Young Liars #14
By Zak Edwards
April 21, 2009 - 19:25
Writer(s): David Lapham
Penciller(s): David Lapham
Colourist(s): Lee Loughridge
Letterer(s): Jared K. Fletcher
Cover Artist(s): David Lapham
I have to admit, the last issue of Young Liars was a frustrating experience for me. Writer/artist David Lapham seemed intent on keeping everyone in the dark about absolutely everything and I was beginning to feel completely disconnected from the entire experience. The characters are very difficult to identify with and impossible to empathize with and the plot is seeming to go nowhere at a break neck pace, the whole series was beginning to feel like to ranting and raving of someone who simply didn’t care about story. And I was loving the boldness this tactic had, but it was becoming frustrating. But now, Lapham has reeled things in a little bit, giving his readers some hint he knows where he’s going with this where before direction was absent. And as a side note, Young Liars, as with most titles coming from Vertigo, is for mature readers and Young Liars is certainly no exception to this.

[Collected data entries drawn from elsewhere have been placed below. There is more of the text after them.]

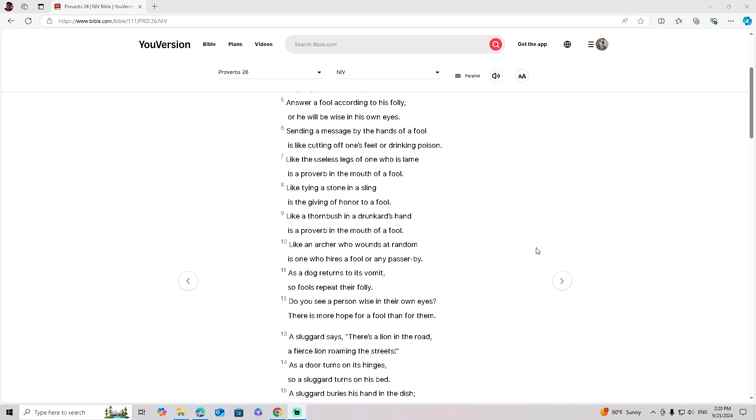Like tying a stone in a sling is the giving of honor to a fool. Like a thorn bush in a drunkard's hand is a proverb in the mouth of a fool. Like an archer who wounds at random is one who hires a fool or a passerby.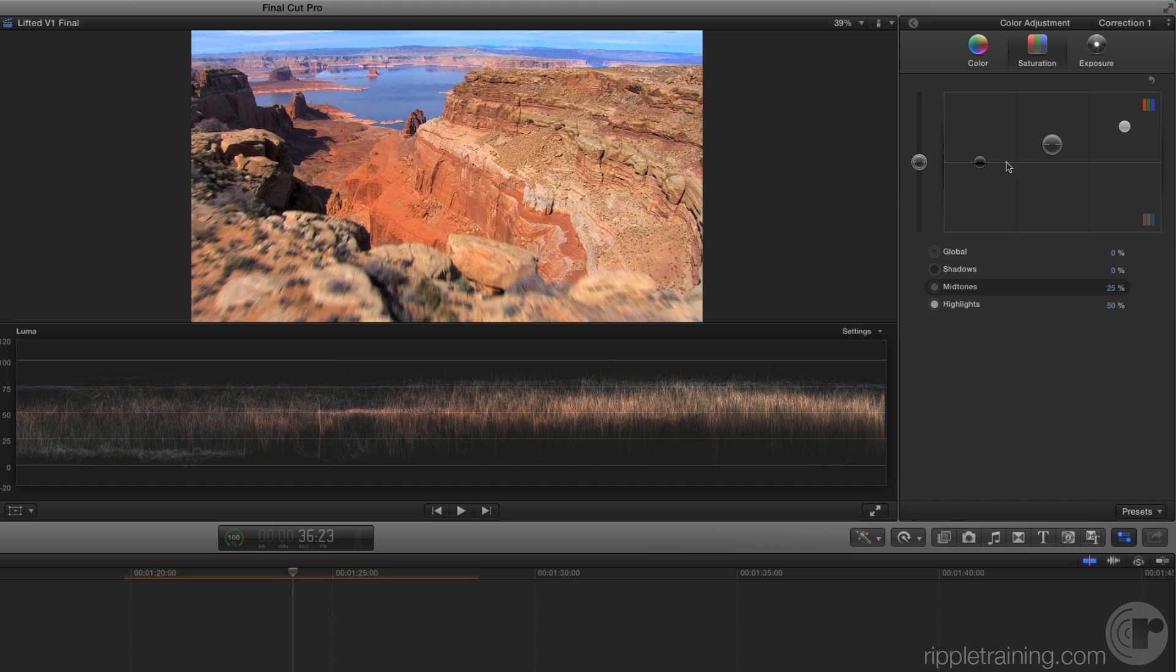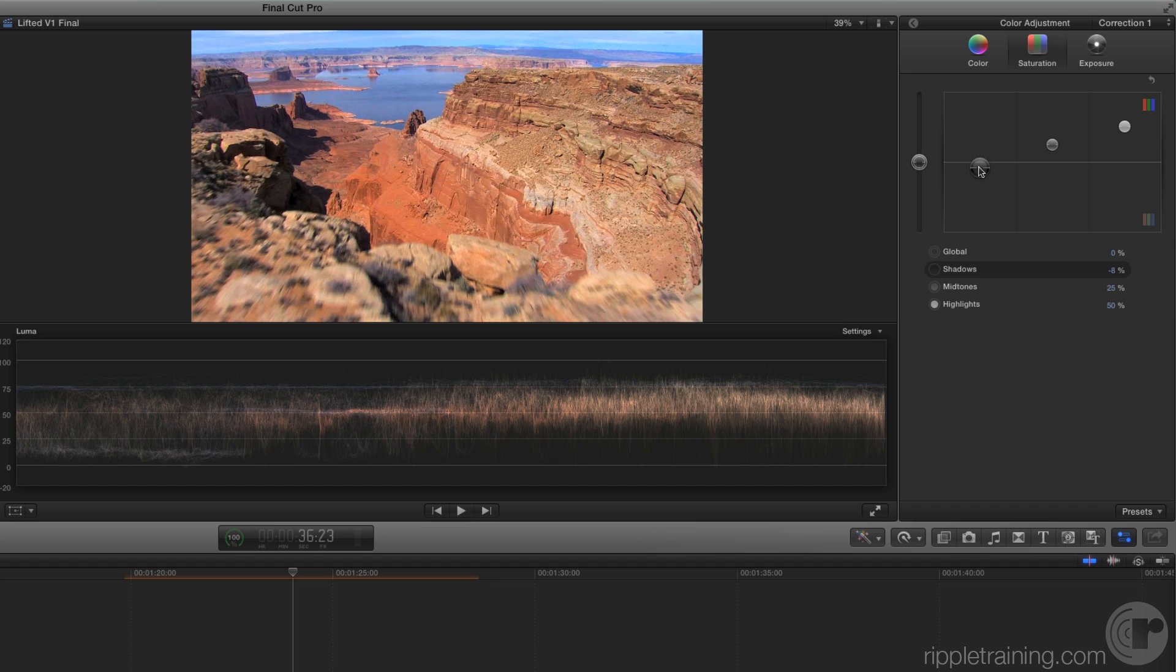Finally, drag the Shadow slider downward until the value is minus 10% to remove any excess color that might be affecting the shadows. Generally, you want to keep your shadows either neutral or as close to black as possible.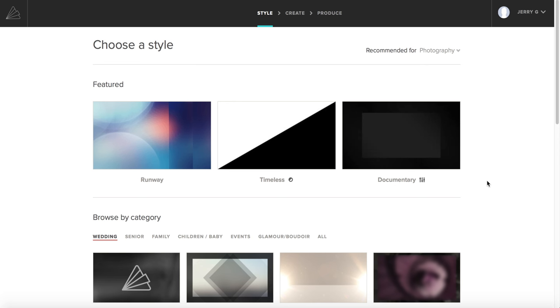Hi, my name is Jerry Gionis. I'm a photographer based out of Melbourne, Australia and Los Angeles, California. I wanted to walk through with you Animoto Software and show you just how easy it is to create a really beautiful and simple slideshow that you can present to your clients.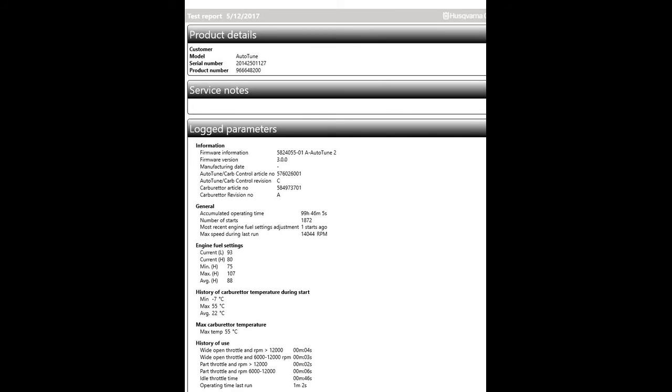This one is owned by Asplund, the largest tree trimming company in the entire world. And you can see the accumulated runtime on this baby here: 99 hours, 46 minutes, and 5 seconds. It's been started over 1,872 times now in its lifetime.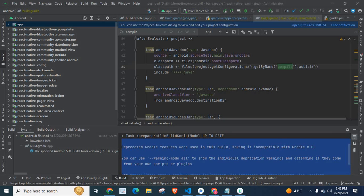Dear friends, welcome to Tech Necessary. In this video, I am going to explain how you can upgrade your Android Gradle Plugin version and Gradle version to the latest one. If you have an Android project, how can you upgrade your Android Gradle Plugin version and Gradle version?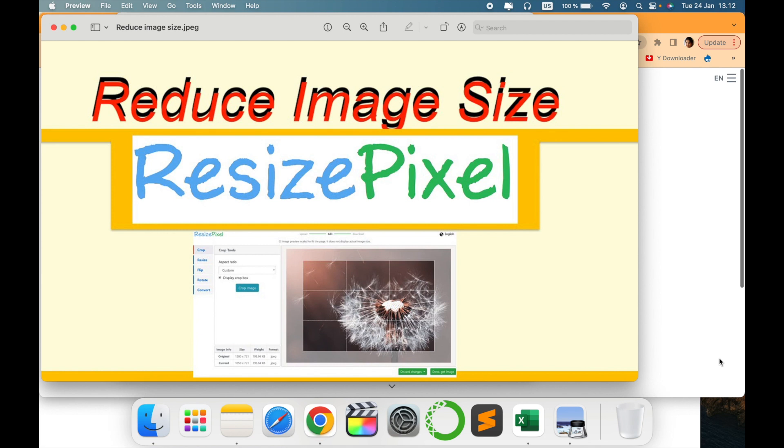Welcome to my channel Tech Research. In today's video we will see how to reduce image size. Many times we need to reduce the pixel size for some reasons. We need to downsize the size of a photo, so we will see how we can do or reduce the size of a photo or an image using this amazing website.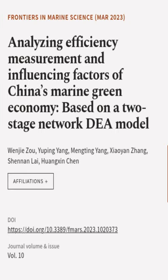This article was authored by Wen Ji-zo, Yu Ping-yang, Ming Ting-yang, and others.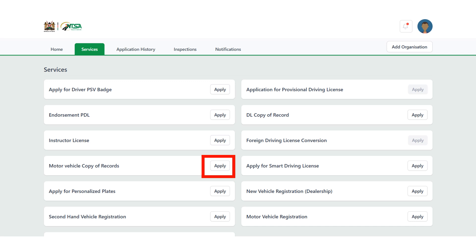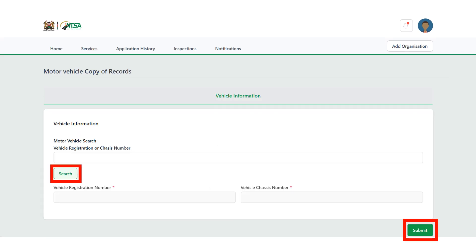Once the Services page opens, next to Motor Vehicle Copy of Records, click on Apply. Enter the vehicle registration number or chassis number, click on Search and Submit. After submission, you are going to pay a fee — it's 550 Kenyan shillings.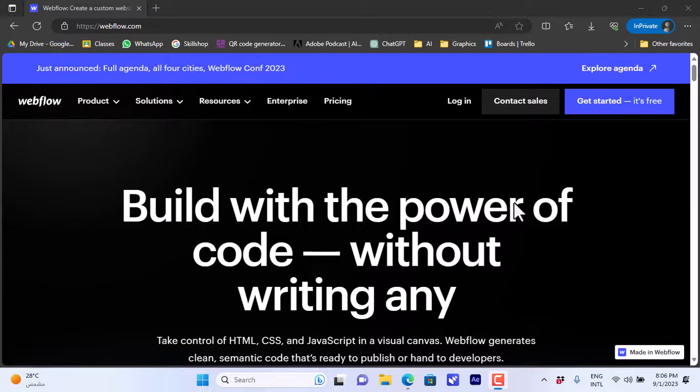Welcome to my channel. In this video I'll show you how to create a website easily on webflow.com. Webflow.com is a platform on which you can create websites easily with powerful tools.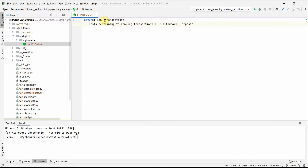The feature is 'Bank Transactions'. We're planning to write tests on transactions like addition and subtraction, which translate to withdrawal and deposit. The next line is an optional description explaining what this feature is about.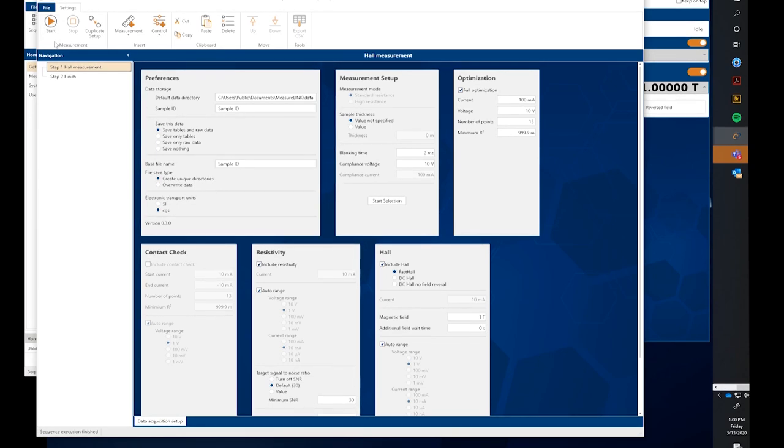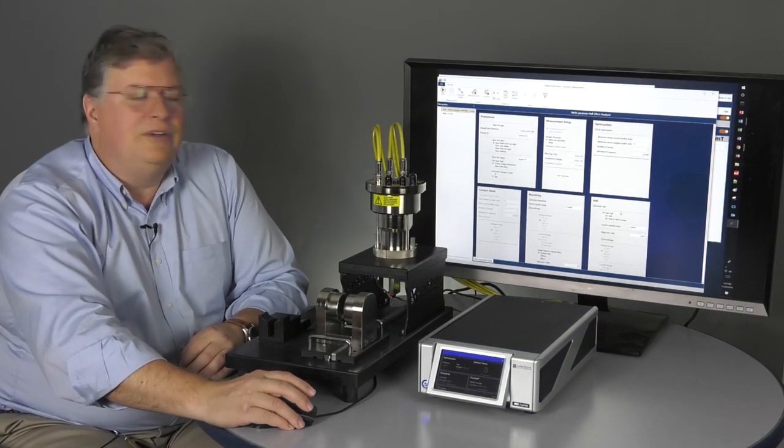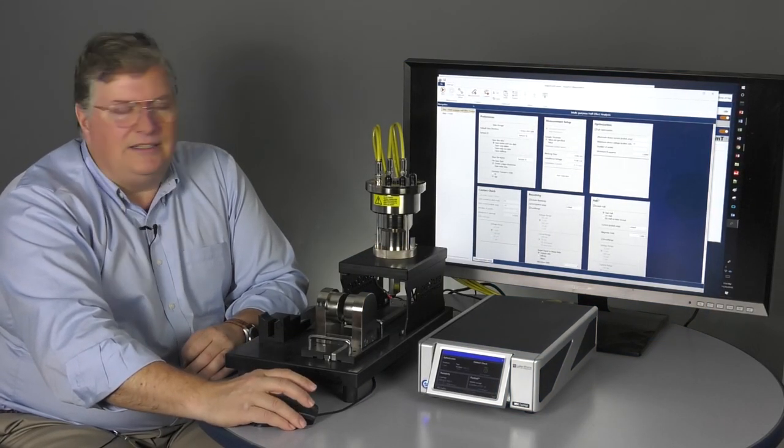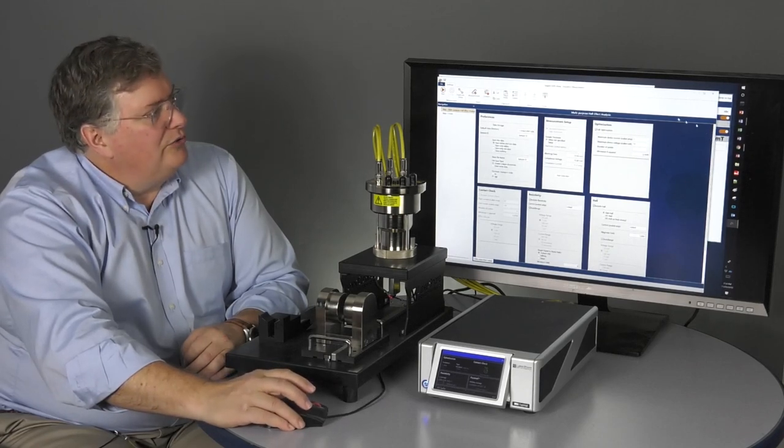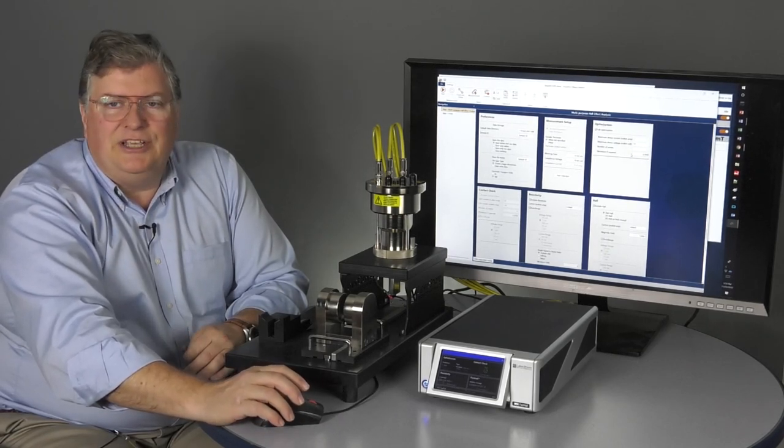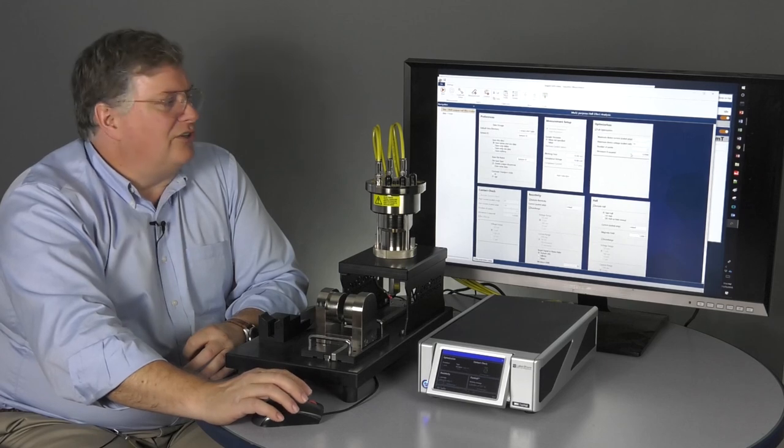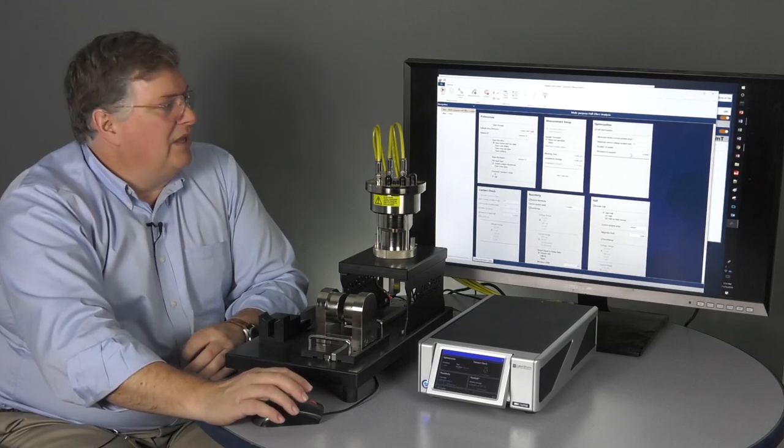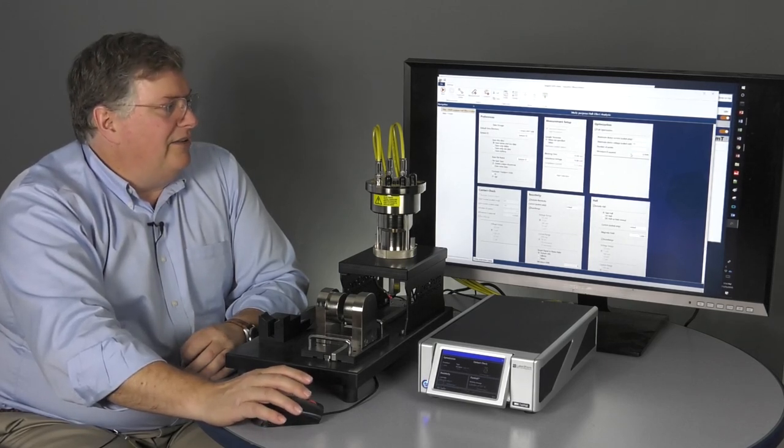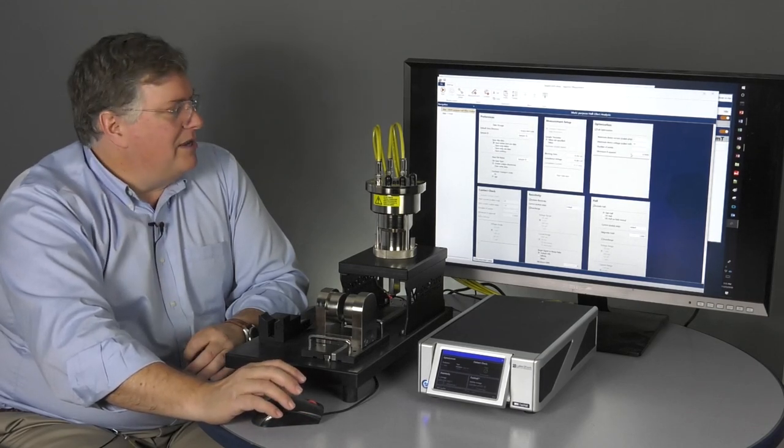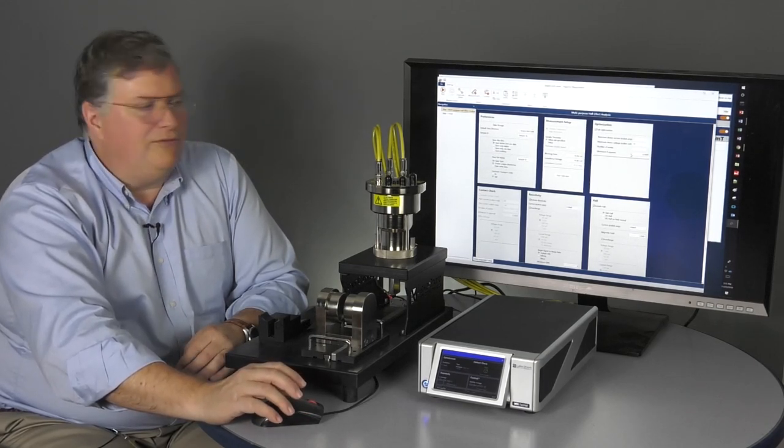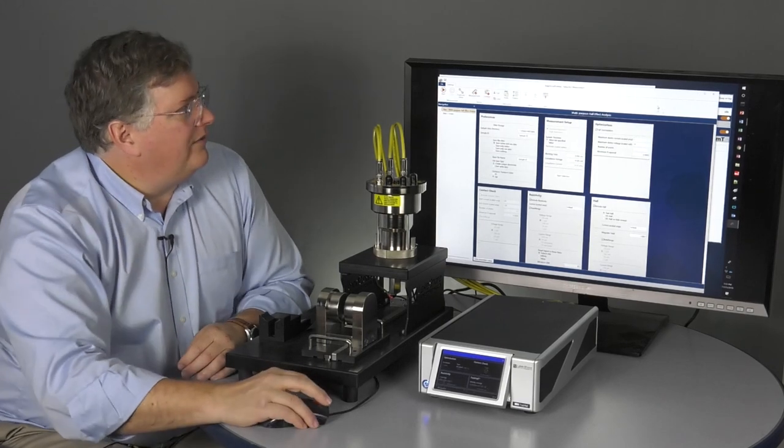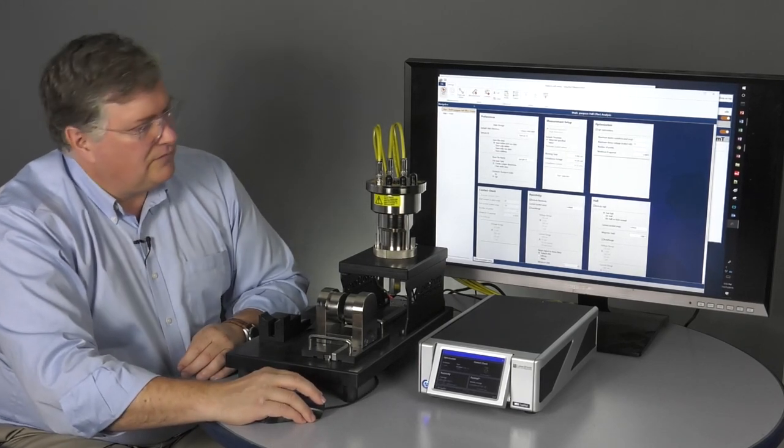This will now complete the optimization. It will then automatically do a contact check, run the resistivity and hall. And notice here on the resistivity and hall, I haven't specified an excitation value. What it's going to do, it says linked in the window. We're going to run the contact checks for optimization. That's going to use that excitation current to run the resistivity and also the fast hall. And then also the fast hall will link in the resistivity that we measured in the previous step to make the full determination. So, all of that will happen when I hit the Start button.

This is the second issue to be narrated by the Annie X/ Jackie character. As with many characters since issue #12, where protagonist Danny Noonan created a new life and identity called Johnny Jukebox, characters from the first twelve issues are back with different names and identities. Annie X, the anorexic model who apparently worked for the Spiders from Mars only to defect, is now Jackie, an anorexic nurse supplying Danny Noonan/ Johnny Jukebox with a fair amount of drugs and sexual favours and still working for the Spiders from Mars. Her intentions are fairly ambiguous, but the whole story is given more direction thanks to this distancing from Danny. As Danny is almost certainly as crazy as the world around him, stories from perspective are the ones which scream directionless and often give unsatisfying answers while piling on more and more questions. And all done with a character as creepy as Jackie, who is literally trying to look like a spider through a combination of anorexia and plastic surgery. Where this is going, I’m not entirely sure and I doubt Lapham will ever let his readers know, but it is certainly interesting. But Jackie is giving some answers, I think, and the story is beginning to require less head scratching and more enjoying, something I’m personally glad for.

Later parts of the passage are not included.